Culture and Community
Each tribe has its own culture, politics, and relationships with other tribes, the state and the U.S. government. Some tribes are located on reservations while some are not, and most Native Americans live in urban areas.
Recently, CDP changed the name of the program for which I work from “Tribal Communities Disaster Recovery” to “Native American and Tribal Communities Disaster Recovery.” One concern that prompted this change was our realization that the term “tribal communities” doesn’t fit all communities and partners we work with. For example, tribes in Minnesota are not located on reservations or tribal lands; most of their citizens are Native Americans that reside off-reservation and in cities. The majority of Native Americans (U.S. Census reports 71%) live off federally defined tribal lands in cities. Additionally, some disaster recovery projects we’re funding are in support of tribal members on neighboring private lands.
At CDP, we strive to localize our grantmaking and focus on race, equity and intersectionality in all aspects of our organization. This means we want to work with the people affected by a disaster at the most local level.

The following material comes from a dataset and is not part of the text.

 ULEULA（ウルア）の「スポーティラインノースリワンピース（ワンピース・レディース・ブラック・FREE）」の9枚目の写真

For the Early Recovery Fund, it may not always directly include the tribe or tribal agencies, but we prioritize grassroots groups of individuals and organizations. Organizations that we work with should have boards, leadership and staff that are the same race as the people they are serving.
To respect the sovereignty of each tribe, CDP and/or our local partners ask to go before the tribal council before awarding a grant or starting work in a Native community. We share our goals to help build their people’s capacity to help their community recover from a disaster and prepare for future crises, respectfully ask permission to work there and seek their blessing.

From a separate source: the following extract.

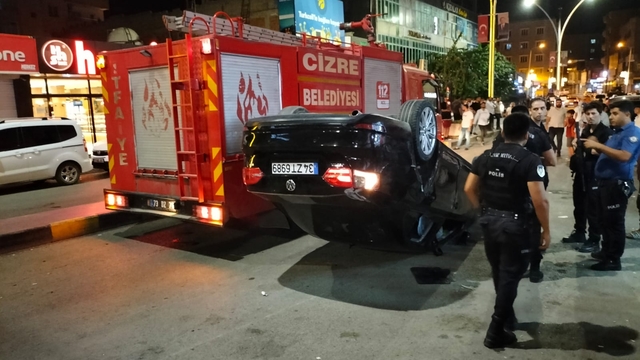 Şırnak'ta otomobil ile kamyonetin çarpışması sonucu 5 kişi yaralandı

Building Relationships & Decolonizing
So, how do I charter a path in these “foreign” nations? I try to do so very carefully, but I am more of a curious bull in a fine china store. The key is grace. I ask for grace, listen, learn, ask many questions, try to build relationships and trust, and am blatantly honest about my ignorance of Native ways. I put my foot in my mouth, probably even more than I am aware, apologize and laugh with others at my foibles.
Thanks to the grace of so many people I’ve met in this work, I’ve learned a lot about seeking out and building relationships, becoming a good partner and being an active decolonizer. Here are some of those lessons that I hope others in philanthropy will find valuable in efforts to be allies and address systemic inequities in Native American and tribal communities.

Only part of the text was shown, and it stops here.